PREFACE

Controversy, which is the breath of life to any of the arts or sciences, has reared its head among the ranks of Cross Word solvers. The air is filled with ’tis and ’tain’t. The clan is divided into schools, which is well for the vitality of puzzling. It is undoubtedly true that a house divided against itself cannot stand; but it is also veritable that an art divided against itself flourisheth exceedingly.

The schism that is causing all the noise, reduced to its simplest terms, is stated in the question, “Shall the Cross Word Puzzle be made hard or easy?”

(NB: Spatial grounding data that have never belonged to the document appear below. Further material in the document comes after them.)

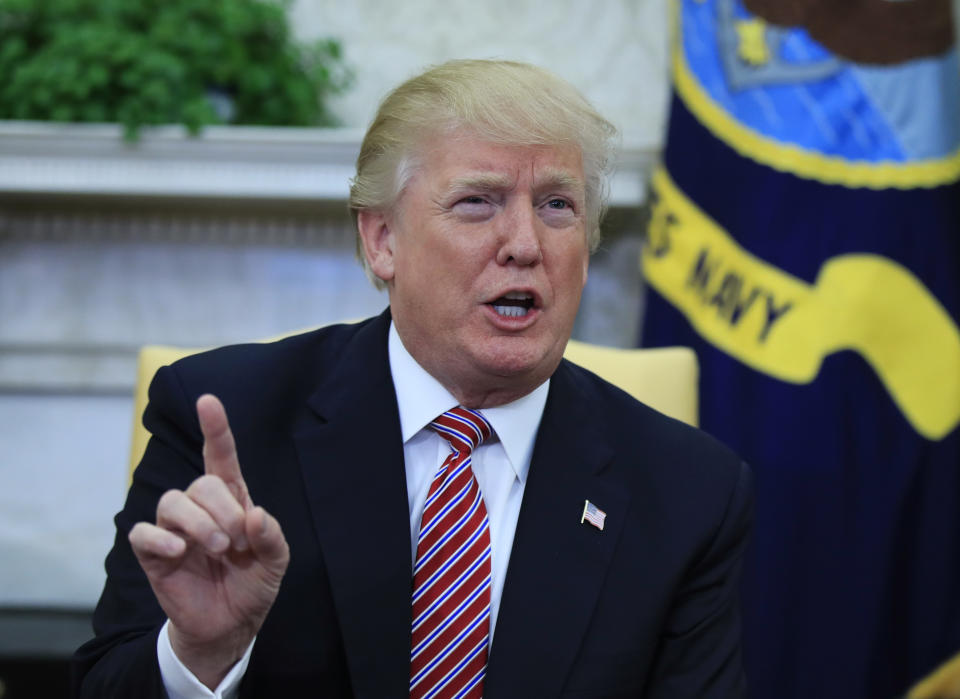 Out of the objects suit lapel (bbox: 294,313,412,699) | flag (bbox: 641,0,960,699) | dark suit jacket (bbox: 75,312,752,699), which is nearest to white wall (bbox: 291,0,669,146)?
flag (bbox: 641,0,960,699)

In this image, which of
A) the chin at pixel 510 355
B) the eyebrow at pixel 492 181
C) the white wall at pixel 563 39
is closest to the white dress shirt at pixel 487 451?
the chin at pixel 510 355

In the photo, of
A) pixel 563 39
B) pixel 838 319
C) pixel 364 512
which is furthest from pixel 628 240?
pixel 364 512

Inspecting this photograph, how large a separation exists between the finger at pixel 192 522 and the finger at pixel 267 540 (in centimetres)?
3

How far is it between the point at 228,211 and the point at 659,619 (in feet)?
6.78

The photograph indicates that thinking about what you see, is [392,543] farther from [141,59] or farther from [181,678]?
[141,59]

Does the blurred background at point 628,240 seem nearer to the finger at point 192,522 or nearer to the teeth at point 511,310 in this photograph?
the teeth at point 511,310

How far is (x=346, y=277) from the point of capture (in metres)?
3.08

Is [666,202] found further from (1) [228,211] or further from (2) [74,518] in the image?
(2) [74,518]

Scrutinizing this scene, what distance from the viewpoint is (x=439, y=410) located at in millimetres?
1371

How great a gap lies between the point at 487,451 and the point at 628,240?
1791 mm

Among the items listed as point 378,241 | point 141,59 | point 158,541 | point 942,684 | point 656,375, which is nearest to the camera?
point 158,541

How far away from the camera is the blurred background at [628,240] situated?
96.5 inches

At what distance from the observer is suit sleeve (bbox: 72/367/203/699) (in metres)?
1.13

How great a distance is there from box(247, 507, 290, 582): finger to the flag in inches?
66.8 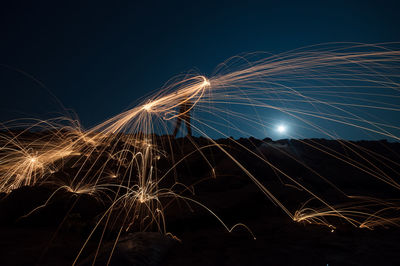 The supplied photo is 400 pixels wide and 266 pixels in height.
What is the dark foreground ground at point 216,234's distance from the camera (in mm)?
2924

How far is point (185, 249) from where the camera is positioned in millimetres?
3531

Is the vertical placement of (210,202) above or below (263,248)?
above

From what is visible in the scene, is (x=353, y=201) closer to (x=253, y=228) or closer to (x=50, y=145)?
(x=253, y=228)

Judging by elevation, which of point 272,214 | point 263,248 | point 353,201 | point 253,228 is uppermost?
point 353,201

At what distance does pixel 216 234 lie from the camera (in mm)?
4156

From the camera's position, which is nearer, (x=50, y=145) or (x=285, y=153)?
(x=285, y=153)

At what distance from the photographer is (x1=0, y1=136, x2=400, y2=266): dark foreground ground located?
2924mm

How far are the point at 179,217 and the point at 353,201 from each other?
5863 mm

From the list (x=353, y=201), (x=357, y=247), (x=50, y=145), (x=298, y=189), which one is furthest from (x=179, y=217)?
(x=50, y=145)

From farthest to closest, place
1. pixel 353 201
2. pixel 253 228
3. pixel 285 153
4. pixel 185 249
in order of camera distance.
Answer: pixel 285 153, pixel 353 201, pixel 253 228, pixel 185 249

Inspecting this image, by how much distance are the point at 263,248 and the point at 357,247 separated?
4.44ft

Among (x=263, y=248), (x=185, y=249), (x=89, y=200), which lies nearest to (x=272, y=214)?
(x=263, y=248)

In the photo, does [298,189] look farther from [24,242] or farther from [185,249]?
[24,242]

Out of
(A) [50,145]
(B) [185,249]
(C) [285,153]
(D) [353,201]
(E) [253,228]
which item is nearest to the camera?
(B) [185,249] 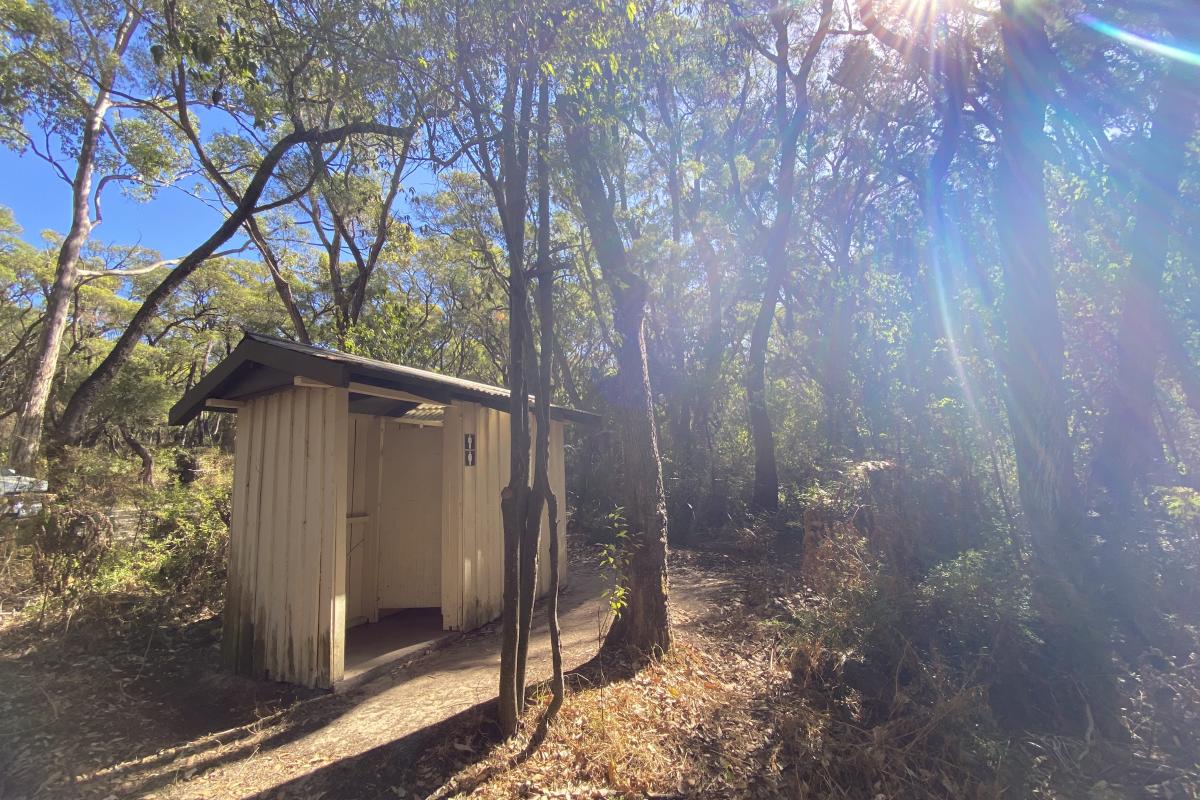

On the one hand stand the pundits, with thesaurus and dictionary armed. They crave queer words and exotic definitions. They thrill to the cross-clue unravelling of some strange combination of vowels and consonants resembling nothing ever uttered by human tongue, but which their reference-books declare is a genuine word, with meanings and inflections and everything. They delight in extracting a simple word from its definition of secondary or tertiary meaning: when “express generally” is solved as “air” they greet the word so often defined as “mixture of gases” with cries of delight; “introduce as an antagonist” is found to be “pit,” and tears of joy are shed over the relief from the common “hole” or “depression.”

Thus the solvers who revel in the recondite. Opposed to them stand the serried ranks of those whose pleasure lies in the accomplishment; who do not wish their onward march to [[2]]victory delayed by forests of Javanese shrubs or oceans full of rajidae with enlarged pectoral fins. Nor do they wish words torn far from their daily, or at least semi-weekly, use. A Leer by the river’s brim a simple Sly Glance is to them, and not an Annealing-furnace.

A third element enters the lists at this point—the constructors. When a man has a superb puzzle almost finished, with complete interlock and no abbreviations or unkeyed letters, he frequently finds a space left into which nothing will go except a particularly rare combination of letters—let us say, for example, TIL. The constructor runs hastily through his vocabulary and finds no TIL; he has a vague recollection of such a word somewhere in his poetic remembrances; but the familiar abbreviation of “until” is “till,” and the constructor has no wish to add the damning parenthesis-enclosed “poet. contr.” after his definition. He tries all the combinations possible; none will fit. Torn between despair and hope he seeks Webster’s Unabridged. Trembling finger runs down the columns. Ah! Between “tikur” and “tilbury,” in small type, as though ashamed of existence, he finds what he seeks. “Til—Sesame.” Into the construction goes the word, and the puzzle is finished. Observe that the constructor had no desire to introduce this exotic syllable; he did not even know that there was such a word in any language. If he could have written “tic,” or “tie,” or “tin,” or “tip,” or “tis,” or “tit,” he would have done so. But “til” was his sole refuge, and the Unabridged bore him nobly out. Thus, says the constructor, why should the solver rage when he discovers “sesame” among the definitions? Let him try to make one himself, etc., etc.

Returning a moment to the pundits’ side of the argument, observe a fact. If any solver had been asked, before he took [[3]]up cross words, to give offhand the name of Egypt’s sun-god, a three-letter word meaning island, a four-letter word for handbag, the name of a large Australian bird, or the sash affected by the ladies of cherry-blossom land, it is odds but that he would have been reduced to stammering evasions. But even a tyro at the glorious game can now rattle off by rote the words Ra, Uit, Etui, Moa, Obi. In running down the definitions of a new puzzle it is not the household words that set him scribbling frantically, but such old friends as the above. So, contend the punditti, a word that may be a nameless horror at the moment becomes through association a friend in time of trouble.

True enough, answer the believers in the simplicities, but the introduction of such words is evidence of laziness on the part of the constructor. Moreover, their constant use tends to eliminate them, their places to be taken by other literal monstrosities. And there is much in this contention. Where now are the Emu and the Eel? Time was, and not so long ago, that every other construction was the combined aviary and aquarium necessary to harbor these two; today they are one with Nineveh and Tyre. And so it may well be with Ra and Uit and Etui. They will march one by one into the shades where lurk the other gallant words that died of over-work. And the strange combinations that take their places will also abide their little hour, and go their way.

Once again the constructor beats on the table and demands to be heard. “Where,” he asks, “do I get off? Am I to be barred from including words that finish my design because a group of you insist that no word not included in everyday vocabularies appear in the little white squares? Or am I to suffer under the lash of scorn because a few of you mock my brilliant construction wherein no exotic letter-combination [[4]]rears its head?—a construction that cost me more time than if I had allowed a few oddities, I may add. What am I to do?”

“Go as far as you like!” cry the Recondites.